Home runs in baseball have been getting steadily more common for decades, and a recent spike in home runs might be driven by anthropogenic climate change. A new analysis combined decades of baseball statistics and ballistics data with predictive climate modeling. The study showed that more than 500 home runs since 2010 can be attributed to climate-driven, unseasonably hot temperatures. If climate change keeps warming the globe, some teams will continue to see more home runs while others will remain largely unaffected.
“I’m a baseball fan and I’m a climate scientist, too,” said lead researcher Christopher Callahan, a doctoral student in geography at Dartmouth College in Hanover, N.H.
The idea for this research came from an established physics concept: When it’s hotter outside, the air gets a little bit thinner. This is hardly noticeable in most cases, unless you’re a 100-mile-per-hour baseball rocketing toward the outfield.
“I was curious about whether you could see this in the large-scale data, and it turns out that you can,” Callahan said.
Going, Going, Gone!
Callahan and his colleagues analyzed temperature trends and home runs from more than 100,000 Major League Baseball (MLB) games from 1962 to 2019. They also included advanced ballistics data on more than 220,000 batted balls from 2015 to 2019 using baseball’s high-speed Statcast camera system. Ballistics data allowed the researchers to account for the effects of playing in different stadiums and to compare batted balls of the same launch angle and speed. This helped them isolate the impact of temperature on the number of home runs.
“It’s a real signal of the way that climate change is having such a pervasive impact.”
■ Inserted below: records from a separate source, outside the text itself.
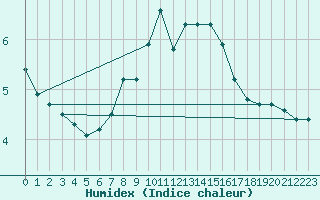 Courbe de l'humidex pour Maseskar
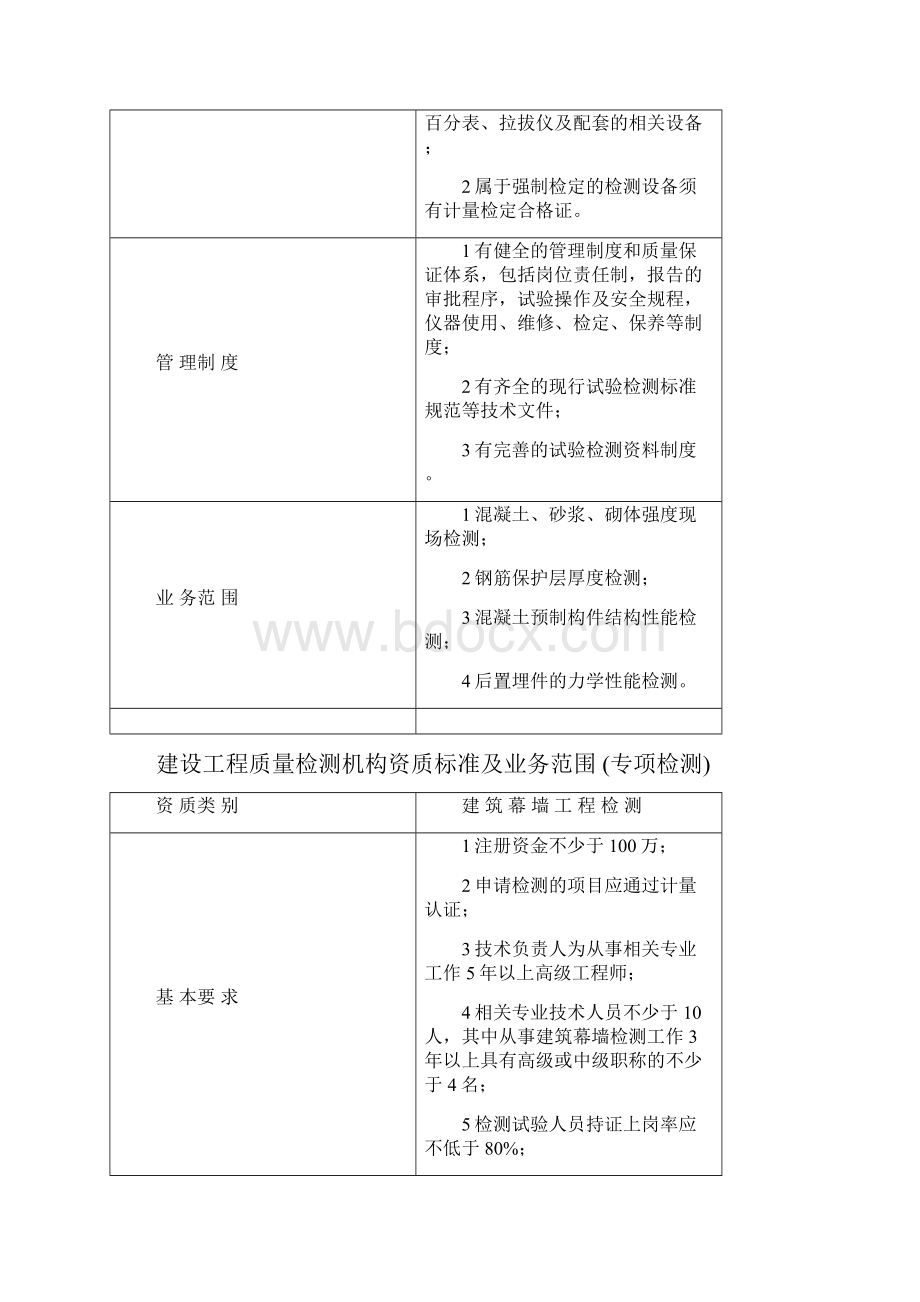 建设工程质量检测机构资质标准及业务范围专项检测.docx_第3页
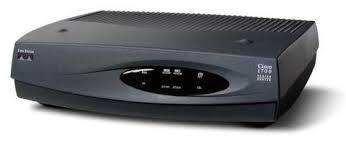 Cisco 1700 Series Router- Cisco1721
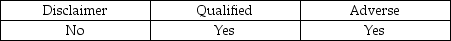 <strong>An auditor determines the financial statements include at least a material departure from GAAP. Which type of opinion may be issued?</strong> A) B) C) D)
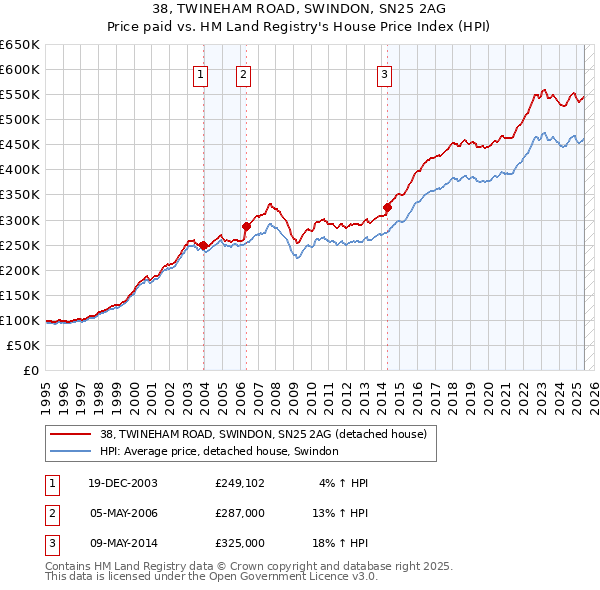 38, TWINEHAM ROAD, SWINDON, SN25 2AG: Price paid vs HM Land Registry's House Price Index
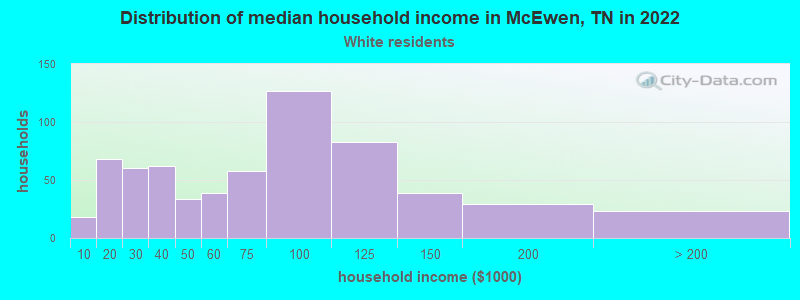 Distribution of median household income in McEwen, TN in 2022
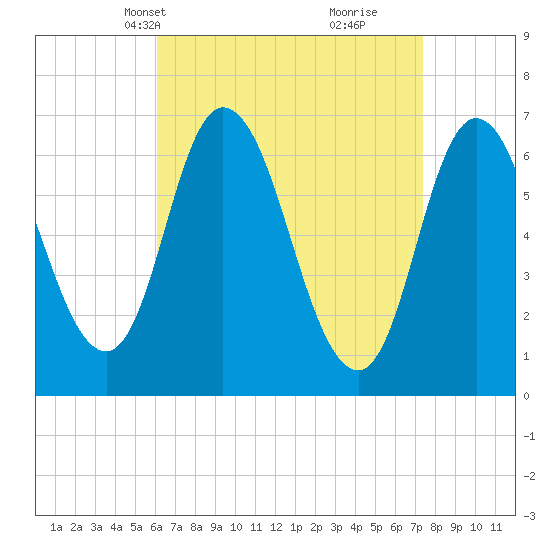Salisbury Point tide chart for Tuesday, April 12, 2022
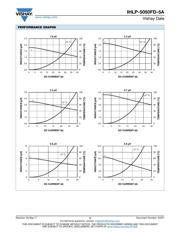 IHLP5050FDER2R2M5A datasheet.datasheet_page 3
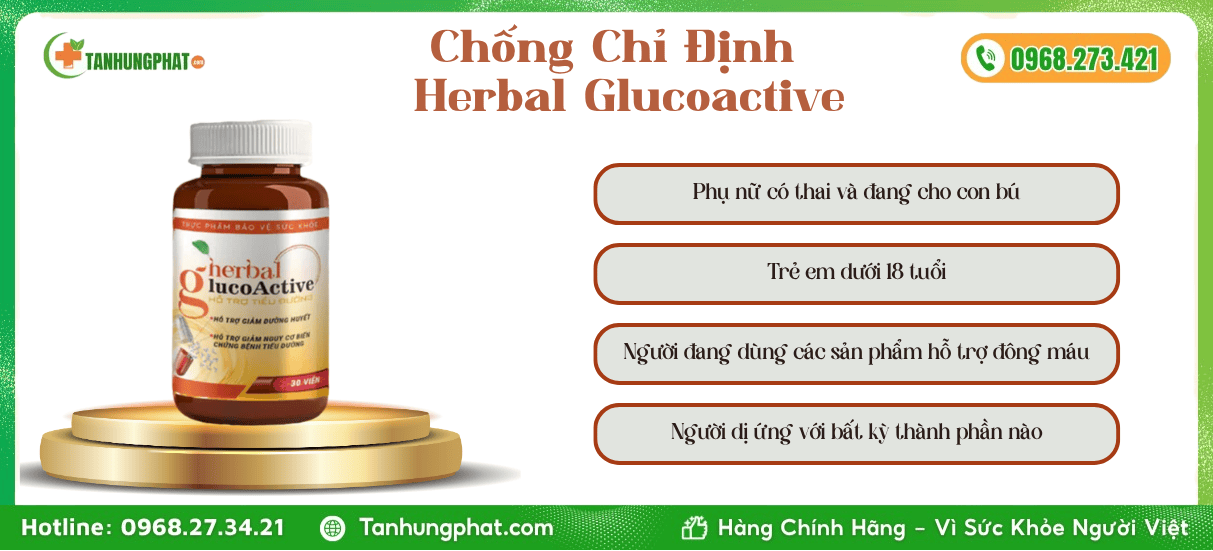 Chống Chỉ Định Herbal Glucoactive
The researchers then combined these baseball analytics with predictive climate models, allowing them to calculate the likelihood that anthropogenic climate change, rather than a random temperature anomaly, caused a day to be unseasonably hot.
The analysis showed that for every 1°C temperature increase, there was a roughly 2% increased chance per game that a fly ball would be a home run. A total of 577 homers from 2010 to 2019 can be attributed to human-caused warming—that’s an average of about 58 per year. Looking forward, the researchers predicted an increase of around 95 home runs per season for each 1°C increase in temperature.
“It’s a real signal of the way that climate change is having such a pervasive impact,” Callahan said, “and an impact on things that are not just hurricanes and heat waves, but more subtle changes in every part of our lives.”

Not every baseball field will see the same increase in home runs. “Wrigley Field will have the most increase in home runs in the future, because it mostly [plays] day games when the temperatures are hottest,” Callahan said. “Whereas in places that play mostly night games, the temperatures are a lot milder, so you will have less of an increase” in home runs.
On the other end of the spectrum, “Tropicana Field in Tampa Bay [Florida] is covered all the time. It’s the only nonretractable dome in baseball, and so it’s the one place where this is just not going to be a problem.”
The results were published in the Bulletin of the American Meteorological Society.
The Climate Changeup
Callahan explained that the analysis was possible because baseball is such a data-rich environment. “That’s great from our perspective—it’s a real treasure trove.” But the project also hints at the hidden effects of climate change that are undiscoverable because data are lacking, he added.
“It really illustrates that there are times when we end up looking for our keys under the lamppost because that’s where the light is.” Future work will explore how climate-driven heat also affects player performance.
Jim Albert, a statistician at Bowling Green State University in Ohio, noted that although these results are statistically significant, the number of home runs attributable to climate change is small relative to other ball and player effects.
“I don’t know that we’ve seen a baseball game canceled for heat yet, but I think it’s coming.”
Albert, who was not involved with the new analysis, contributed to MLB-commissioned reports that investigated the recent rise in home runs. The new results “are similar to our findings on the effect of temperature,” he said. “The novel aspect of this paper is the exploration of the effects of global warming on home run hitting.”
Callahan speculated that there will likely come a point when team owners decide that the increase in home runs isn’t worth the heat-related health risks to players and fans. “I don’t know that we’ve seen a baseball game canceled for heat yet, but I think it’s coming,” he said. Teams might opt to shift from day games to night games, invest in a domed stadium, or even relocate to a cooler city—mitigation strategies that could have profound economic impacts on a region.
“If the effects of global warning increase as the authors predict,” Albert said, “then I believe MLB should use this information in future plans about scheduling of games and the construction of the ball.”